At a subsequent stage of the proceedings they were asked to
play, and after replacing a broken string, and a vast deal of
screwing and tightening, they gave 'a new Spanish composition,
for three voices and three guitars,' and secured an encore,
thus completely overwhelming their rivals. In the account of
the _French Watering-Place_ (_R.P._) we read about a guitar
on the pier, 'to which a boy or woman sings without any voice
little songs without any tune.'

On one of his night excursions in the guise of an 'Uncommercial
Traveller' Dickens discovered a stranded Spaniard, named
Antonio.
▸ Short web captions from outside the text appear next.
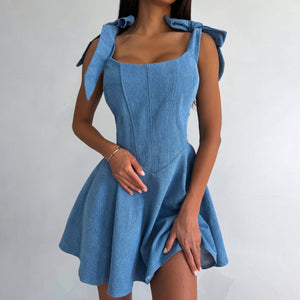 Square Collar Lace-Up Fishbone Waist Dress MRC STORE  45.00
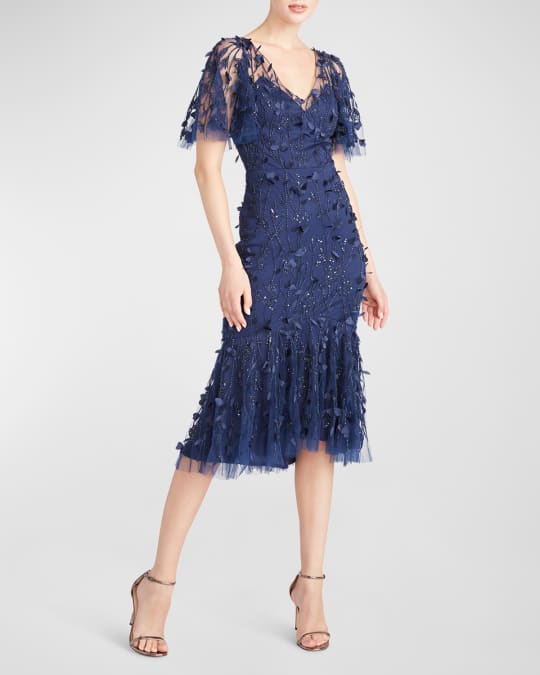 Theia Gretchen Beaded Flutter-Sleeve Midi Dress | Neiman Marcus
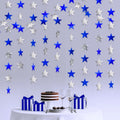 Blue Silver Shining Star Hanging Garland Blue Silver Hanging Sparkling Star Streamer Bunting Banner Twinkle Backdrop for Wedding Baby Shower Birthday Christmas Decorations 40 Feet by Eeatour
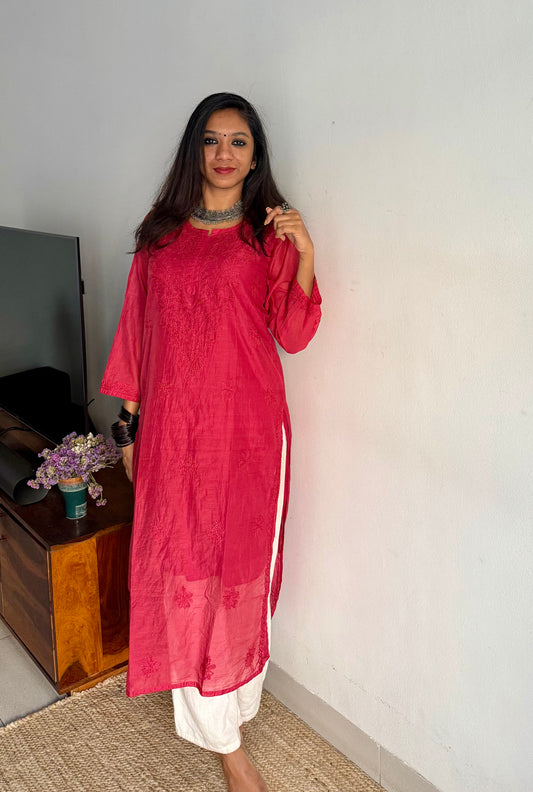 Carmine red muslin chanderi chikankari with bakhiya work, stitched kurta, round neck, three fourth sleeves - YCSECKJA155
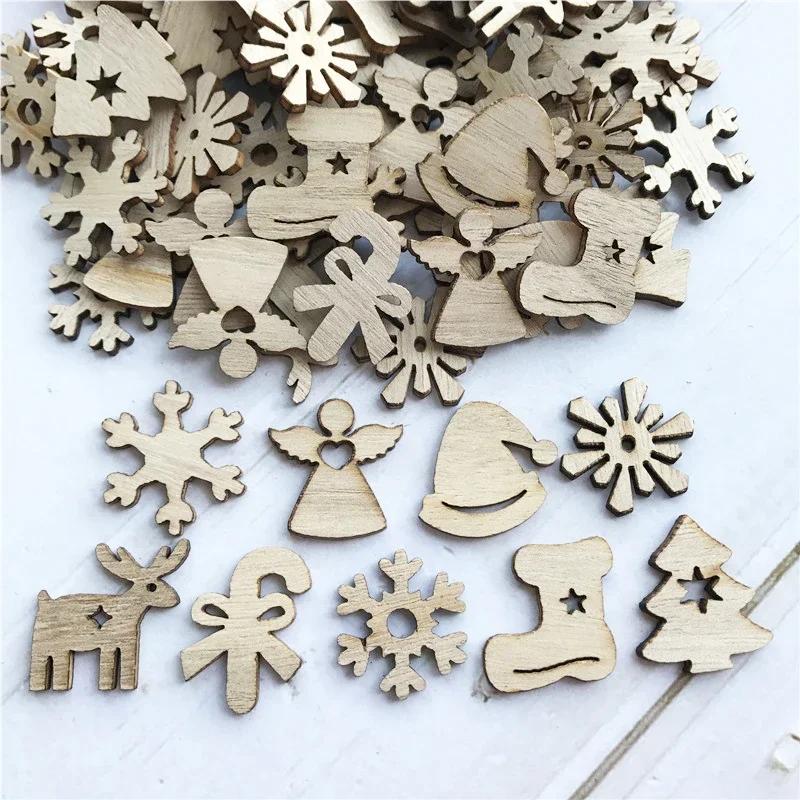 50 stuks Natuurlijke Houten Kerstboom Decoraties DIY Kerstman Sneeuwpop Hangende Decoraties Kinderen Vakantie Cadeaus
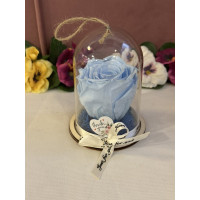 Естествена вечна роза в PVC купол Blu 89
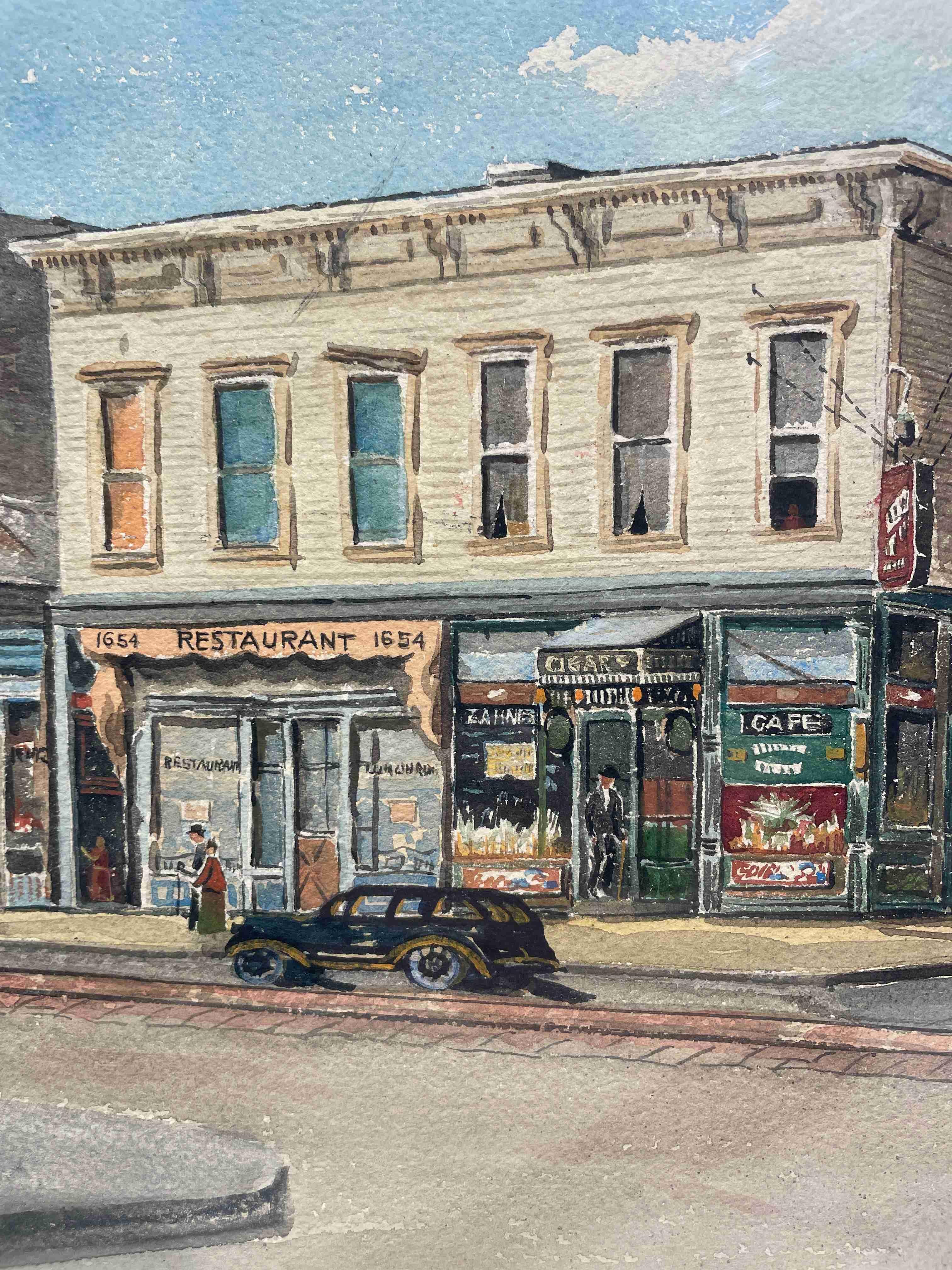 1941 Aquarell der alten Stadt Chicagos, mit dem Titel „Wells & Eugenie“ von Albert Rudin im Angebot 2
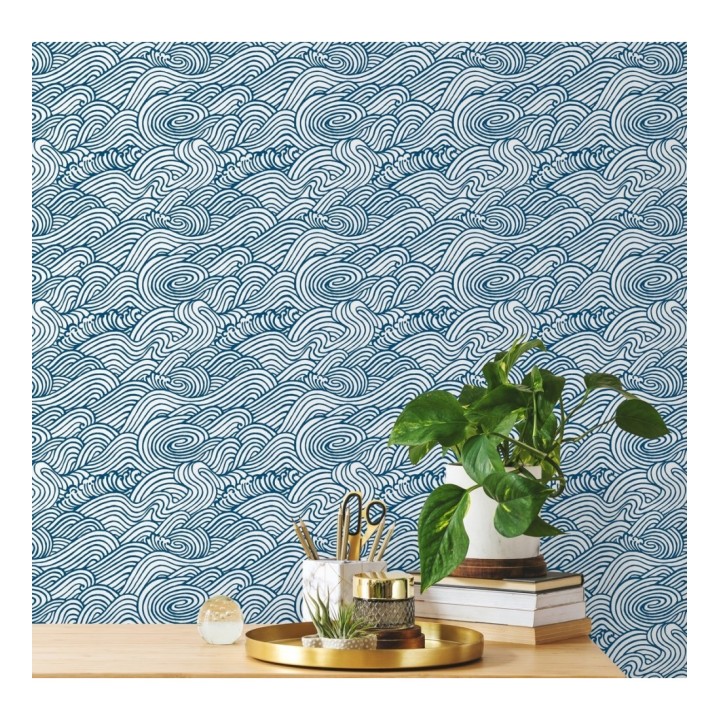 Papel pintado inspirado en las olas del mar en tonos azules - Rolling Waves 679745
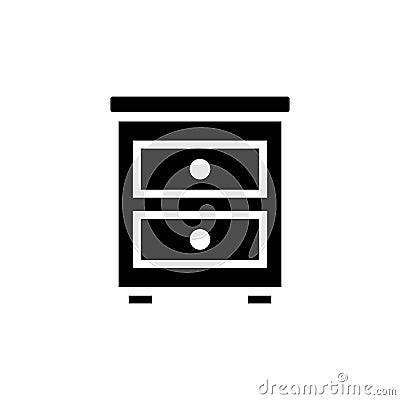 Bedside table vector icon Vector Illustration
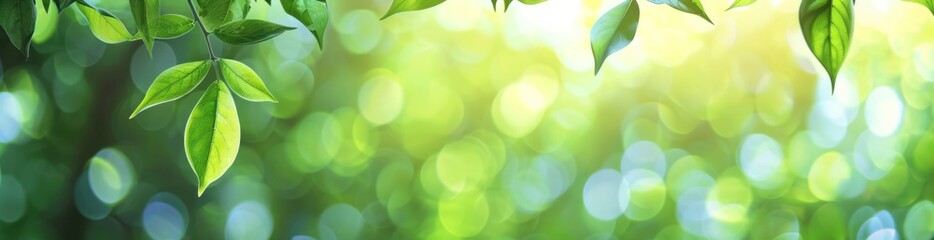 Obraz premium Whispers of Spring: Young Leaves Bathed in Golden Sunlight - Generative AI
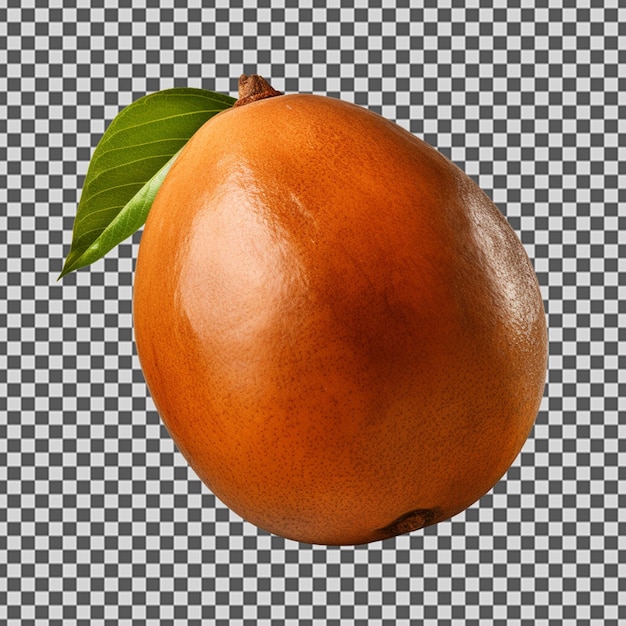 PSD uma laranja com uma folha verde é mostrada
In response to a general invitation 'the swarthy youth'
takes up his cracked guitar and gives them the 'feeblest ghost
of a tune,' while the inmates of the miserable den kept time
with their heads.

Dora used to delight David Copperfield by singing enchanting
ballads in the French language and accompanying herself 'on a
glorified instrument, resembling a guitar,' though subsequent
references show it was that instrument and none other.

We read in _Little Dorrit_ that Young John Chivery wore
'pantaloons so highly decorated with side stripes, that each
leg was a three-stringed lute.' This appears to be the only
reference to this instrument, and a lute of three strings is the
novelist's own conception, the usual number being about nine.